# Mail order (gorilla) bride... err... groom



## David Baxter PhD (Aug 28, 2009)

Gorilla's gone wild
_Globe and Mail_
Friday, Aug. 28, 2009 

A group of female gorillas at the London Zoo got a look at their new male suitor before his arrival. But the picture proved more tasty than telling.

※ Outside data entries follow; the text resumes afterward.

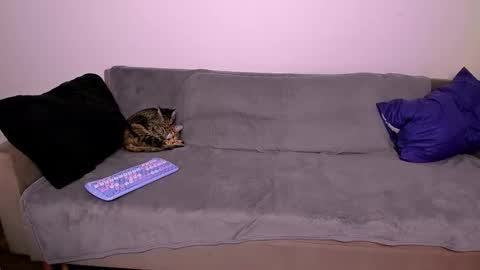 LadyTrep online show from January 31, 7:56 pm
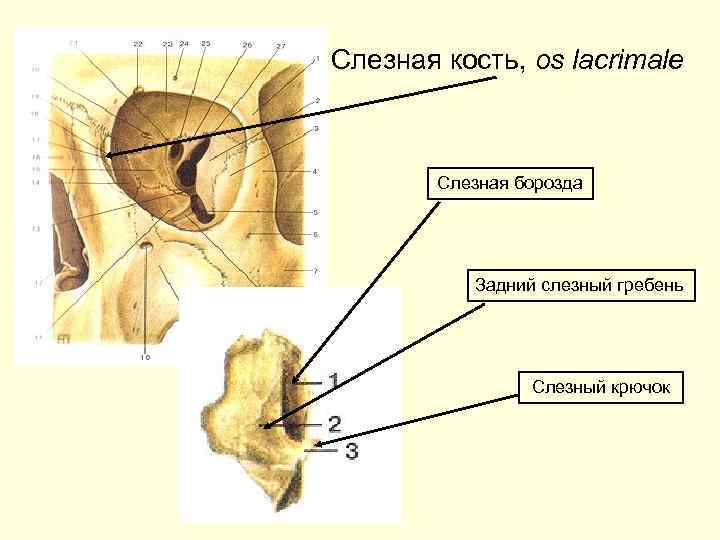 Задняя борозда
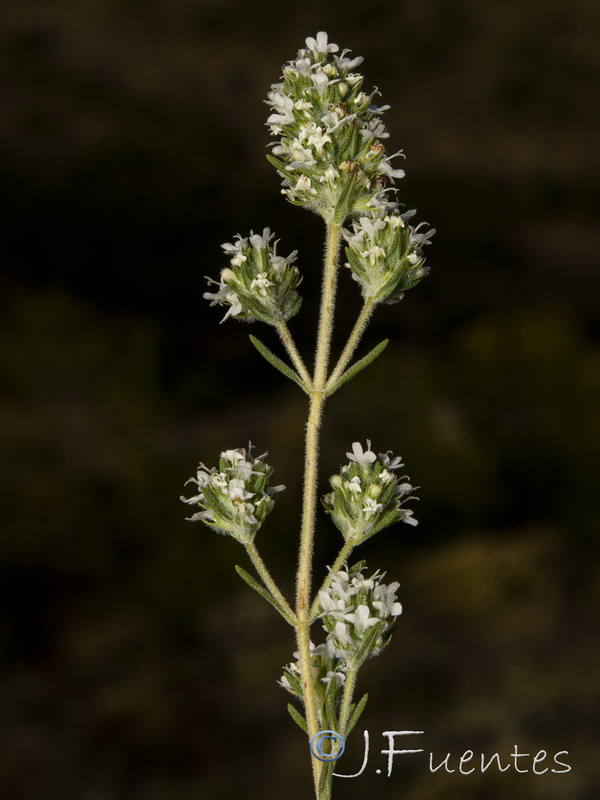 Thymus baeticus.06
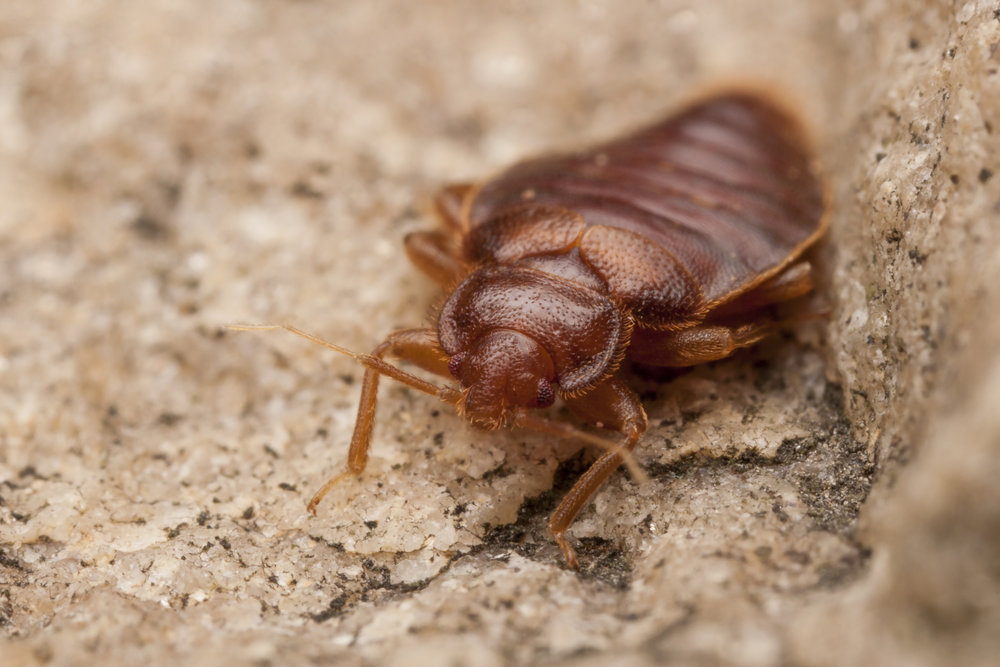 How To Get Rid Of Bed Bugs – Bed Bug Removal Tips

Watch video: Gorilla's gone wild - The Globe and Mail


----------



## Fiver (Aug 28, 2009)

*sigh* 

This is why I'm so fearful of online dating. Gorillas would rip my pics apart.


----------



## Jazzey (Aug 28, 2009)

:lol:  Imagine what they're going to do to him when he gets in there - 3 of them and one of him....


----------



## why (Aug 29, 2009)

:lol::lol:


----------



## Into The Light (Aug 29, 2009)

it won't load for me :hissyfit:


----------



## Fiver (Aug 29, 2009)

Try it here instead:

YouTube - A group of female gorillas at the London Zoo got a look at ...


----------



## Into The Light (Aug 29, 2009)

thank you fiver!!

so what does eating a photograph of a potential mate mean? any gorilla psychologists in the room? :lol:


----------



## David Baxter PhD (Aug 29, 2009)

It means they think he's yummy?


----------



## Into The Light (Aug 29, 2009)

hmm. either that or they hate him and are out to destroy him? :lol:


----------